Die Flut-Metapher hat andererseits Aspekte, die gut passen. Nehmen wir an, ich will eine Informationsflut: Ich muss etwas Wichtiges wissen, zum Beispiel zum Konflikt in der Ukraine oder zur Zukunft der Arbeit. Wie bei natürlichen Fluten weiß ich nicht, was kommt. Fruchtbarer Schlamm, klares Wasser oder Industrieabfälle? Ich wate durch ein Meer an Halbfakten, Unwahrheiten oder Lügen und muss darauf hoffen, dass die guten Sachen an mir vorbeitreiben. Ordentlich recherchiert, ausgewogen, möglichst nicht voreingenommen oder zumindest so gestaltet, dass ich mir eine Meinung bilden kann, und leicht verständlich - das wäre großartig.

Das Problem heute ist also folgendes: Uns wurden schon früher Informationen geliefert, aber es gab nicht so viele Kanäle. Es gab die Tageszeitungen, die verfolgten die eine oder andere Ideologie (rechts/links), das Fernsehen (ganz früher nur öffentlich-rechtlich), das wars. Man fühlte sich gut informiert, wenn man abends die Tagesschau gesehen hatte. Die Frage nach Qualität oder weiteren Sichtweisen stellte sich zwar auch damals schon, war aber meist vergebene Liebesmüh. Es gab ohnehin kaum Alternativen. Das Angebot ist heute viel größer. Zumindest scheinbar.

Rettungsboot gesucht

Es ist wie verhext: Je mehr Informationen ich habe, desto dümmer komme ich mir vor. Wenn sich die Qualität von Informationen in der Informationsflut in einem Kontinuum zwischen "kompletter Bullshit" und "42*" bewegt, muss ich das erkennen und dazwischen navigieren können. Gut, dass ich ein Rettungsboot habe. Mein Urteilsvermögen. Es ist zusammengeschustert aus meiner Erziehung, meinem sozialen Umfeld, Popkultur und Geschichten, Kategorien und Konzepten sowie Lebenserfahrungen. Dank meinem Rettungsboot kann ich leidlich navigieren, mich orientieren und mir die "guten Sachen" aus der Informationsflut herausfischen.

Natürlich könnte ich mich großen Schiffen anschließen, den Ideologien. Liberal, konservativ, rechts, links, ökologisch, anarchistisch, westlich, östlich. Navigieren wäre leichter, ich hätte Gesellschaft, könnte auch mal auf dem Deck entspannen. Aber das will ich nicht. Ich will mich nicht vereinnahmen lassen. Ich lasse mich von ihnen manchmal versorgen, aber meine Nussschale verlasse ich nicht. Lieber bin ich Kapitänin meines eigenen Schiffs. Auch wenn es klein und schäbig ist. Aber ich versuche, es beständig zu verbessern, um vielleicht die Wahrheit zu finden.
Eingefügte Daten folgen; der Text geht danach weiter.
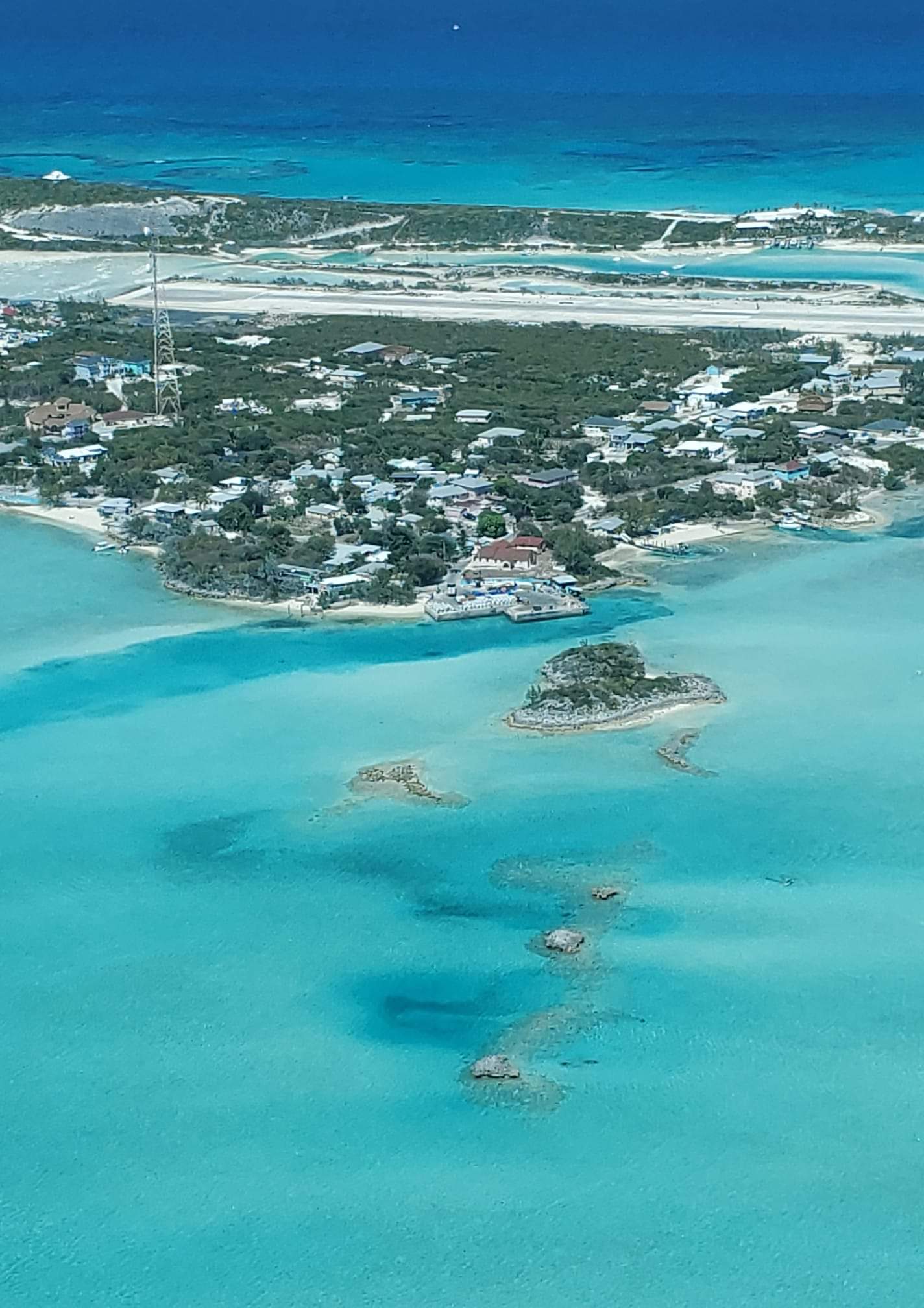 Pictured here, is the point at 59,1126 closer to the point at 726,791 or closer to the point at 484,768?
the point at 484,768

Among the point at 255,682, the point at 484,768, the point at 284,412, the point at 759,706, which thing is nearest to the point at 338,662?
the point at 255,682

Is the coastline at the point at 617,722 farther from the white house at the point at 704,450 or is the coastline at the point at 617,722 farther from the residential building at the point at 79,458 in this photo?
the residential building at the point at 79,458

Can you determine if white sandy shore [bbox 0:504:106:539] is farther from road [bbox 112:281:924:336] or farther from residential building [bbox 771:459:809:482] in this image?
road [bbox 112:281:924:336]

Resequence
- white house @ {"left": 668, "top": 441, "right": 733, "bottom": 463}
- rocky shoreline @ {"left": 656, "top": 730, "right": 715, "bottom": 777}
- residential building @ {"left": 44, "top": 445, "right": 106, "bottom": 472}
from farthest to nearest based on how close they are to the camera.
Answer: residential building @ {"left": 44, "top": 445, "right": 106, "bottom": 472}
white house @ {"left": 668, "top": 441, "right": 733, "bottom": 463}
rocky shoreline @ {"left": 656, "top": 730, "right": 715, "bottom": 777}

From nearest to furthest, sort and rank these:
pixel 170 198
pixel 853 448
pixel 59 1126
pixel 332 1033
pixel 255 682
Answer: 1. pixel 59 1126
2. pixel 332 1033
3. pixel 255 682
4. pixel 853 448
5. pixel 170 198

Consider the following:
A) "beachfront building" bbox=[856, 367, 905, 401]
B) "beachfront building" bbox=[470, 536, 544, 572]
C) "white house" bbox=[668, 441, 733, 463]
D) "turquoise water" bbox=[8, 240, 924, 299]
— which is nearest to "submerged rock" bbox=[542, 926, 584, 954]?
"beachfront building" bbox=[470, 536, 544, 572]

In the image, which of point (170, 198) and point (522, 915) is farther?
point (170, 198)

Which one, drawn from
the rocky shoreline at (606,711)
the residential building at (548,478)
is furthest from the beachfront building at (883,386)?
the rocky shoreline at (606,711)

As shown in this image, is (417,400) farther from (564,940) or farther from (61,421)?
(564,940) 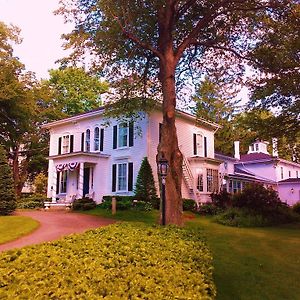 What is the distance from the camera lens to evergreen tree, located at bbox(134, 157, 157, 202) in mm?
21281

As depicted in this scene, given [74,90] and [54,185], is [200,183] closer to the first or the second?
[54,185]

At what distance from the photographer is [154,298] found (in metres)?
3.14

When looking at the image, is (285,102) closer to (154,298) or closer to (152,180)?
(152,180)

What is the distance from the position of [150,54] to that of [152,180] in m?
8.85

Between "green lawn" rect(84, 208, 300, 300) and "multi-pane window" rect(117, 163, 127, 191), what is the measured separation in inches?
410

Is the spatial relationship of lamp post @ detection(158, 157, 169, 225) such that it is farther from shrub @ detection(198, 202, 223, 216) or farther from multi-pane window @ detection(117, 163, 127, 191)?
multi-pane window @ detection(117, 163, 127, 191)

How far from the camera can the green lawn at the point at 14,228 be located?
11916 millimetres

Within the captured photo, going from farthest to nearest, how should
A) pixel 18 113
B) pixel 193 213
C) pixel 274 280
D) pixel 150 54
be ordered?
pixel 18 113 < pixel 193 213 < pixel 150 54 < pixel 274 280

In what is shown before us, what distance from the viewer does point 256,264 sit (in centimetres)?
909

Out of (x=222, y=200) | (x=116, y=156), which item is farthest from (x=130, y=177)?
(x=222, y=200)

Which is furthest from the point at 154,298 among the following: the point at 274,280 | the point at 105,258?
the point at 274,280

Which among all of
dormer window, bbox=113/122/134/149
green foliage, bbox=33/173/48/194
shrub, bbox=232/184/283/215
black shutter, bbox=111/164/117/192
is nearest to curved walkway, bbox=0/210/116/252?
black shutter, bbox=111/164/117/192

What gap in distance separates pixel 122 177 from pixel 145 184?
106 inches

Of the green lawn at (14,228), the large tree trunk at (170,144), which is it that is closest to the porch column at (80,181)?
the green lawn at (14,228) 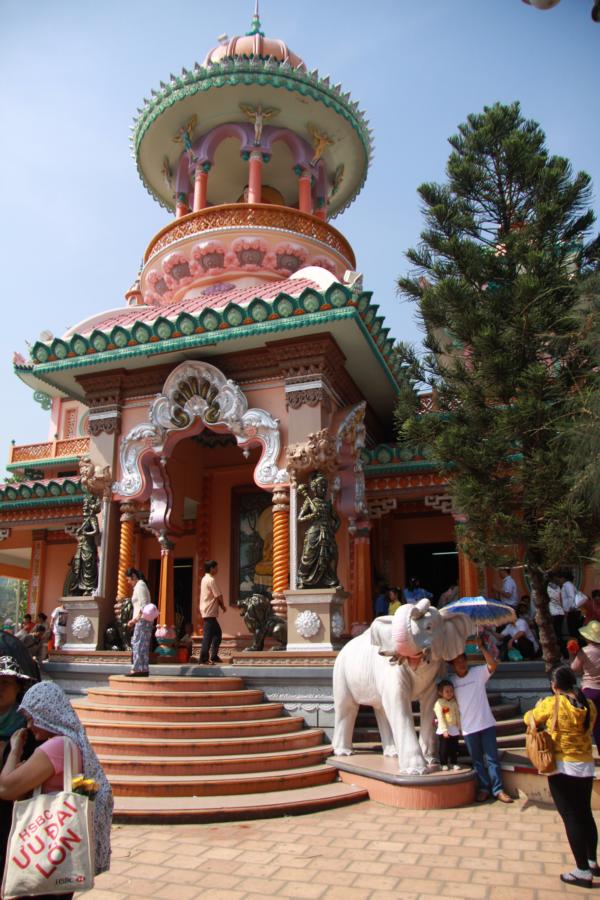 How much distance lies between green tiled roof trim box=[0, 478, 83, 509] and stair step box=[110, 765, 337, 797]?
9.00 meters

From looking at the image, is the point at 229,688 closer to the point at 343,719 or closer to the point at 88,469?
the point at 343,719

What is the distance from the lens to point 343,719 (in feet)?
23.6

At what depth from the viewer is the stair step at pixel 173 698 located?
7.61 m

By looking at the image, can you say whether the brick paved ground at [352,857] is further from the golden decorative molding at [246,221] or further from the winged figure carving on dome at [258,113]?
the winged figure carving on dome at [258,113]

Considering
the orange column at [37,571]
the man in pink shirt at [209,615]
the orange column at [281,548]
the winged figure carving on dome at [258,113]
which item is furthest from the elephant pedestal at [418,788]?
the orange column at [37,571]

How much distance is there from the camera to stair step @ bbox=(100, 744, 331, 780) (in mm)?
6316

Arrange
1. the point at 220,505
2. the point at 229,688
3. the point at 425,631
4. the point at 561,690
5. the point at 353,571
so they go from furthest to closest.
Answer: the point at 220,505 < the point at 353,571 < the point at 229,688 < the point at 425,631 < the point at 561,690

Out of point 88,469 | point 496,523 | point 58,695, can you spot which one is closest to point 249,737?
point 496,523

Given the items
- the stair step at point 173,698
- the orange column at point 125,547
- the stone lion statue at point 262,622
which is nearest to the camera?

Wahrheit finden klingt sehr esoterisch. Aber soweit ich verstanden habe, geht es der Informationsgesellschaft letztendlich genau darum: eine Reduktion der Lücken in unserem Wissen und eine Maximierung von Wissen und damit Wahrheit (leider meist zur Maximierung von Profit, aber das ist eine andere Geschichte).

Wahrheit ist ein Anspruch, den keine Information der Welt erfüllen kann. Und schon gar nicht die digitale Informationsflut. Die modernen Technologien gaukeln uns vor, dass wir Allwissenheit haben könnten. Die große Erlösung stellt die angebliche Informationsflut jedenfalls nicht dar.


*Douglas-Adams-LeserInnen wissen, dass das eine Referenz auf die Antwort auf alle Fragen und die Existenz überhaupt ist.